Return the records exactly as they stand, and keep the pictures out of the copy.

****************************************

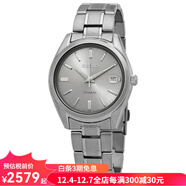 精工（SEIKO）男士經(jīng)典款石英表極簡(jiǎn)風(fēng)表盤(pán)商務(wù)通勤男表100米防水SUR369 pic OS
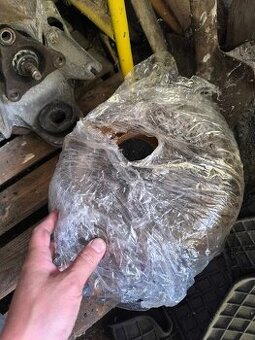 měnič automatické převodovky BMW E65, E66 750i 270kW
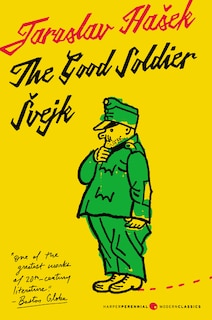 Front cover_The Good Soldier Svejk and His Fortunes in the World War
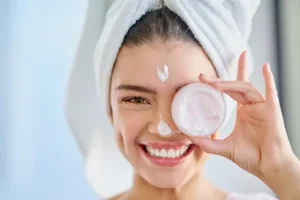 choosing the right moisturizer skincare routine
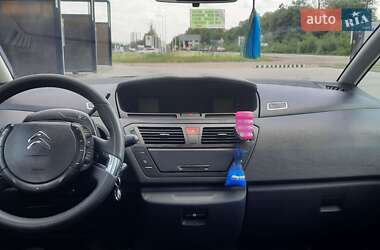 Микровэн Citroen C4 Picasso 2011 в 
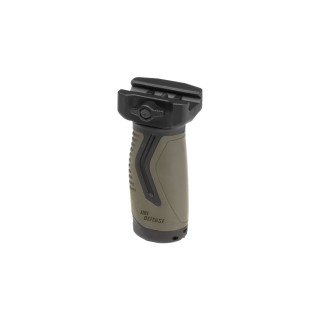 MANER VERTICAL OVG OVERMOLDING - BLACK / OD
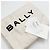 Borsa a tracolla incrociata con logo Bally Arkle Nero Cachi - vista 6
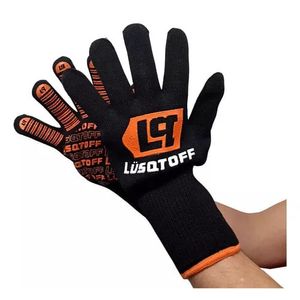Guantes Resistentes A Altas Temperaturas Lusqtoff Grcl800-10
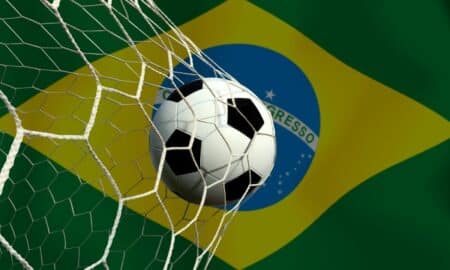 brasil gol futebol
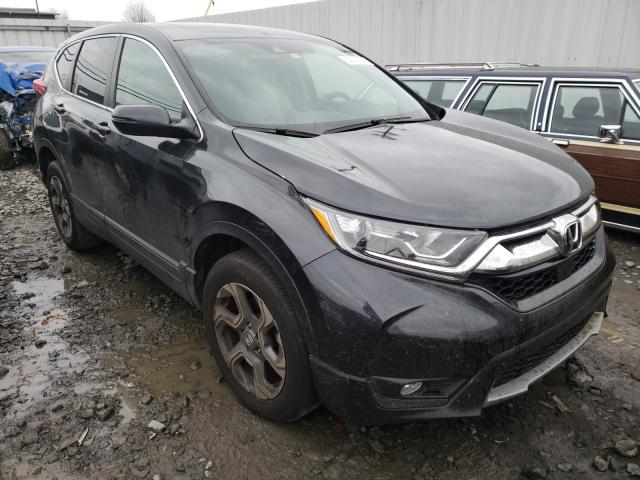 HONDA CR-V EX 2019 2hkrw2h55kh625484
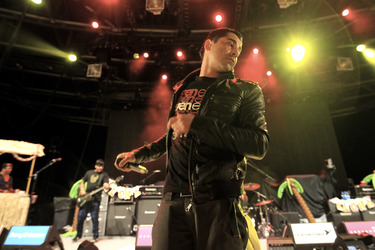 Ali Tabatabaee (Zebrahead)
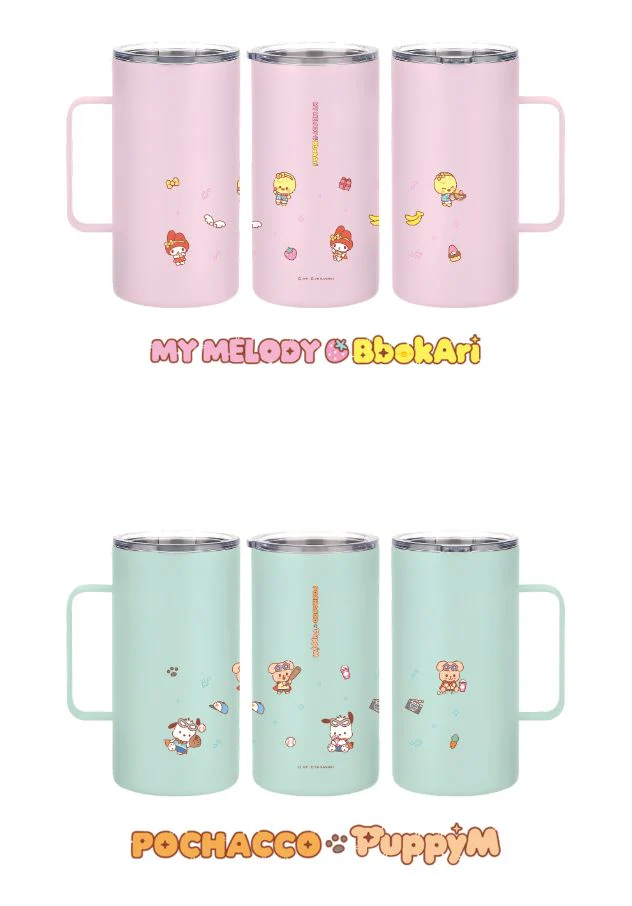 STRAY KIDS - SKZOO X SANRIO CHARACTERS MD 2 - Image 33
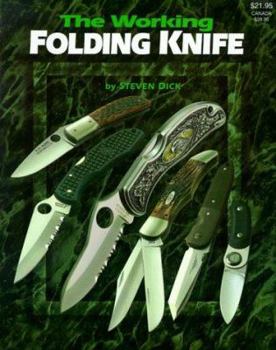 Paperback The Working Folding Knife Book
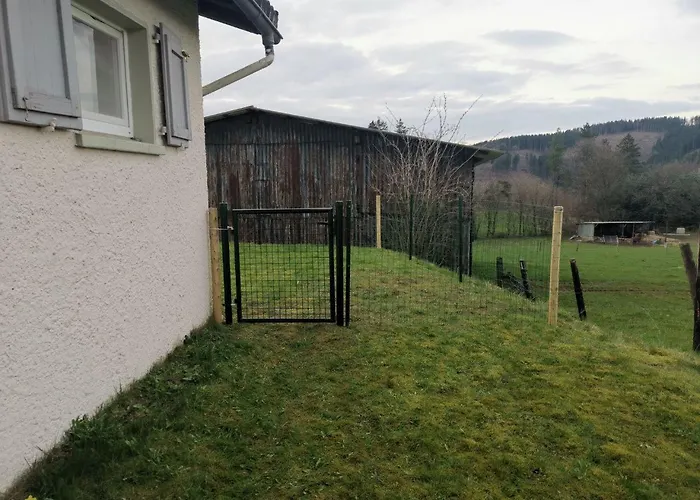 Auszeit, Erholung Mitten In Der - Im Sauerland In Faulebutter * Finnentrop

****************************************

Solution to the exercise
 精工（SEIKO）男士經(jīng)典款石英表極簡(jiǎn)風(fēng)表盤(pán)商務(wù)通勤男表100米防水SUR369 pic OS
 měnič automatické převodovky BMW E65, E66 750i 270kW
 Front cover_The Good Soldier Svejk and His Fortunes in the World War
 choosing the right moisturizer skincare routine
 Микровэн Citroen C4 Picasso 2011 в 
 MANER VERTICAL OVG OVERMOLDING - BLACK / OD
 Borsa a tracolla incrociata con logo Bally Arkle Nero Cachi - vista 6
Guantes Resistentes A Altas Temperaturas Lusqtoff Grcl800-10
 brasil gol futebol
 HONDA CR-V EX 2019 2hkrw2h55kh625484
 Ali Tabatabaee (Zebrahead)
 STRAY KIDS - SKZOO X SANRIO CHARACTERS MD 2 - Image 33
 Paperback The Working Folding Knife Book
 Auszeit, Erholung Mitten In Der - Im Sauerland In Faulebutter * Finnentrop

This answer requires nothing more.